Split multiple State tokens from single field

Posted: Thu May 12, 2005 1:56 pm
by mpine
I am trying to clean up a file. The file is in the following format:
40212 VA, TN
40419 CA,KY - IN
40520 RI,P.A.

The pattern report comes out like this:
00082394 63.618% S [X] | NH
00024016 18.543% SS [X] | OH,MS
00009435 7.285% SSS [X] | CA,FL,OH

It also has other entries but I would be happy with getting these
paterns cleaned up. I need to resulting file to look like:

40312 VA TN
40319 CA KY IN
40320 RI PA

Can you tell me the best way to accomplish this?

be happy with getting these

Posted: Thu May 12, 2005 2:32 pm
by DSkkk
Hi- So basically what u want is u need to eliminate the special characters from ur Data file. I am sure this can be achieved by using a Parse Stage
in Quality Stage where u can specify which character should be replaced by what. But this is slightly Cumbersome because u need to specify all the special characters that might occur and which u dont want. So the bottomline is that u can do this in a much efficient way in Datastage.

Cheers
DSkkk

Posted: Thu May 12, 2005 6:55 pm
by ray.wurlod
Can't you just make sure that "-", "," and "." are in your STRIPLIST ?

Not sure why you'd want to force the third character of the first column to be "3", so I'm assuming that the problem there was with the keyboard (or, at least, between the keyboard and the chair). :lol:

follow up

Posted: Fri May 13, 2005 9:31 am
by mpine
ray.wurlod wrote:Can't you just make sure that "-", "," and "." are in your STRIPLIST ?
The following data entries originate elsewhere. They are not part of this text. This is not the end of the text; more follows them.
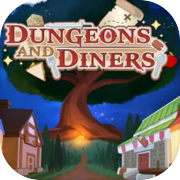 Dungeons and Diners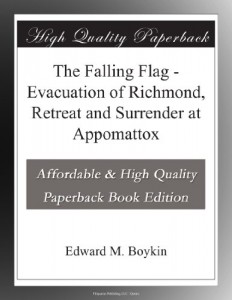 The Falling Flag – Evacuation of Richmond, Retreat and Surrender at Appomattox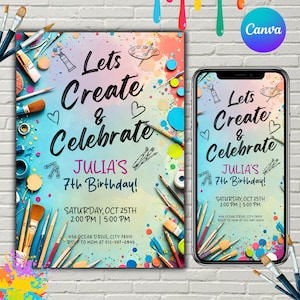 May include: A vibrant birthday invitation featuring the text "Let's Create & Celebrate" and "Julia's 7th Birthday!" on a card and a smartphone. The design incorporates paintbrushes, paint splatters, and art supplies.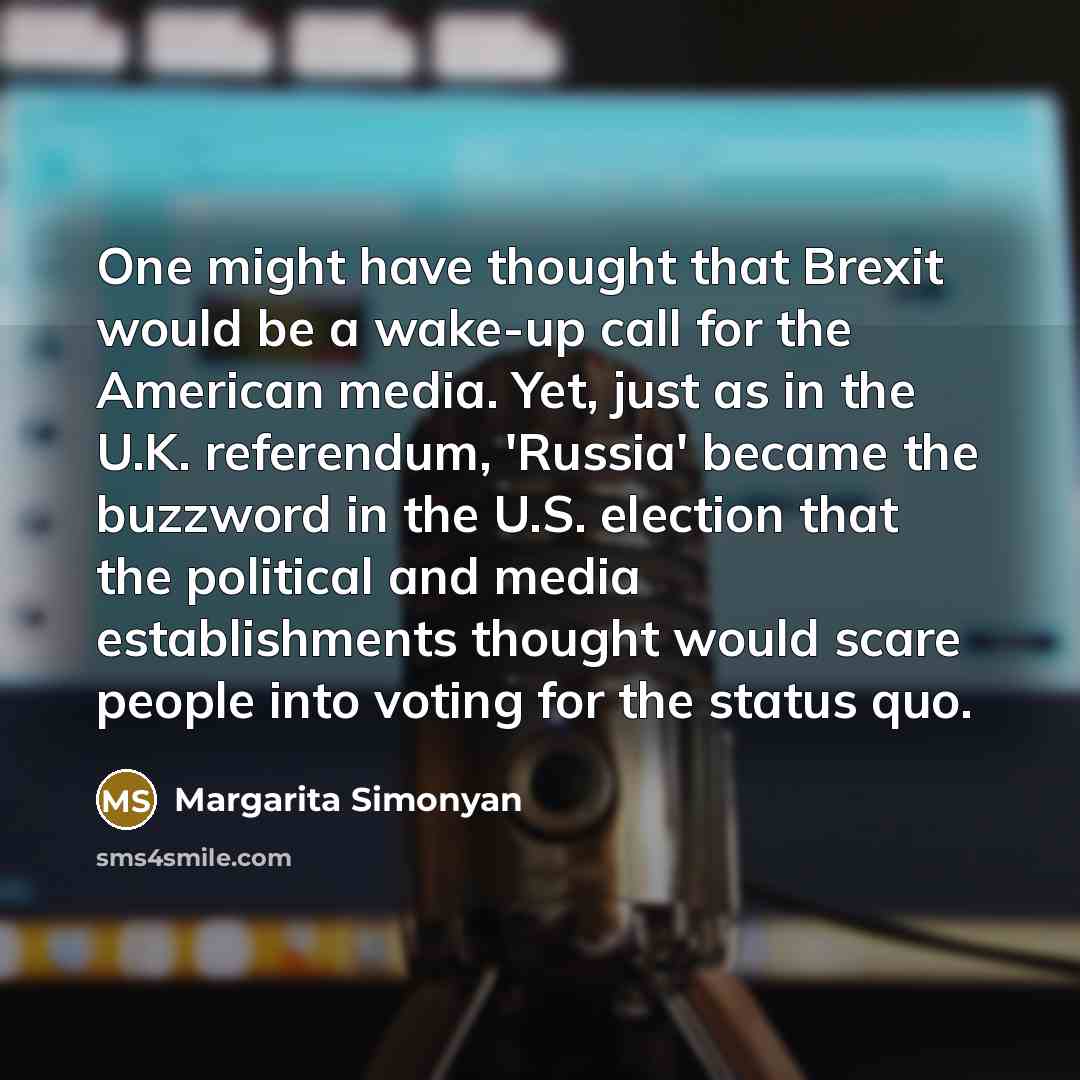 “One might have thought that Brexit would be a wake-up…” quote by Margarita Simonyan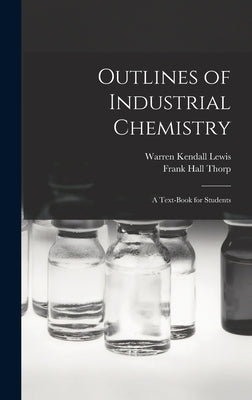 Outlines of Industrial Chemistry: A Text-Book for Students by Thorp, Frank Hall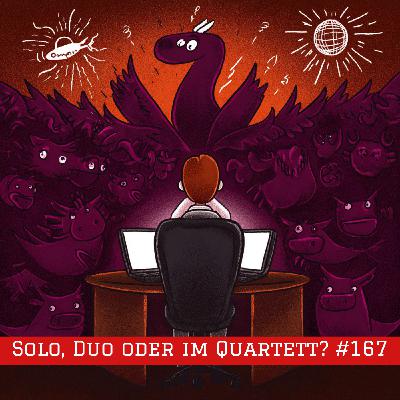 Episode #167 – Solo, Duo oder im Quartett? Episode #167 – Solo, Duo oder im Quartett?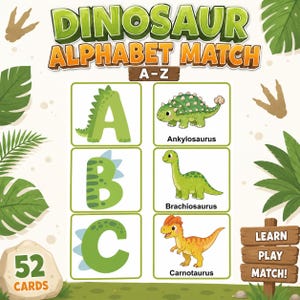 Puede incluir: Un juego de cartas educativo Dinosaur Alphabet Match A-Z con 52 cartas. El diseño incluye las letras verdes A, B y C junto a ilustraciones de un Ankylosaurus, Brachiosaurus y Carnotaurus. El texto incluye Learn, Play, Match.
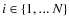 $i \in \{1,...~N\}$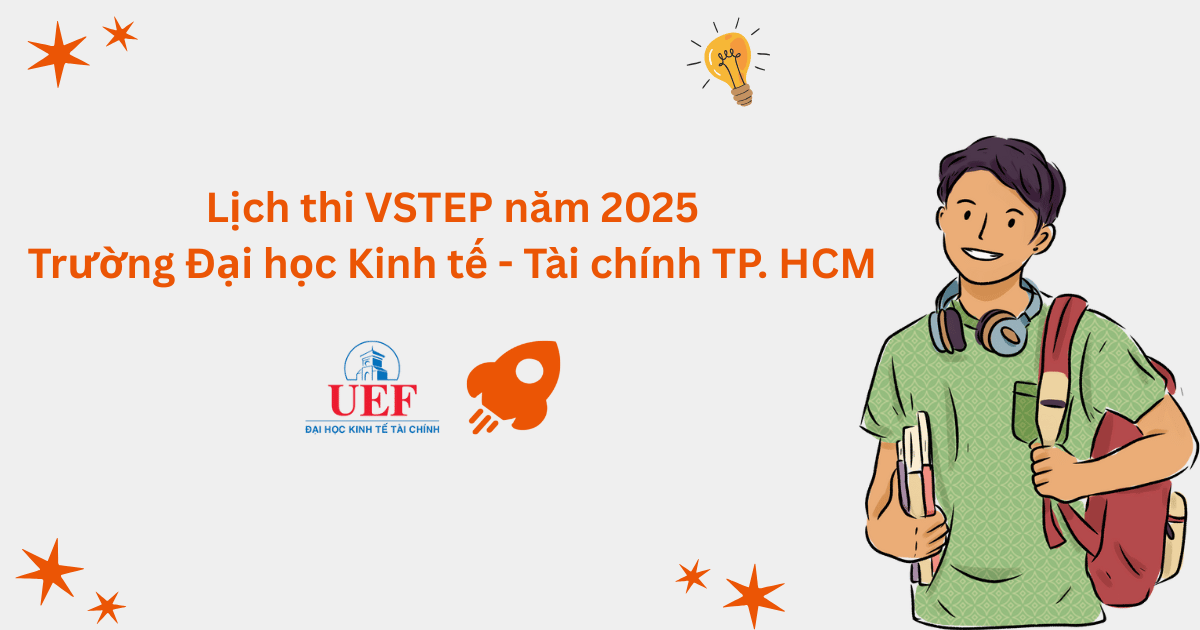 Lịch thi VSTEP tại Trường Đại học Kinh tế - Tài chính TP. HCM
Not sure why you'd want to force the third character of the first column to be "3", so I'm assuming that the problem there was with the keyboard (or, at least, between the keyboard and the chair). :lol:
It was a problem between the keyboard and the chair :D

Running a word investigate stage determines the states without a problem using the STRIPLIST, but I am not sure how to actually move the S (state) tokens it identifies into separate fields so I can use the pivot stage in DataStage to make the file how I would like. The final product would be as follows:

Out of QualityStage somehow:

40312 VA TN
40319 CA KY IN
40320 RI PA

Out of DataStage using a pivot stage (I think):

40312 VA
40312 TN
40319 CA
40319 KY
40319 IN
40320 RI
40320 PA

Posted: Fri May 13, 2005 6:17 pm
by ray.wurlod
Pivot stage is a good call. Just make sure that its input link has enough columns to cope with the largest possible list of states. (50 is probably over the top, but is fail safe!)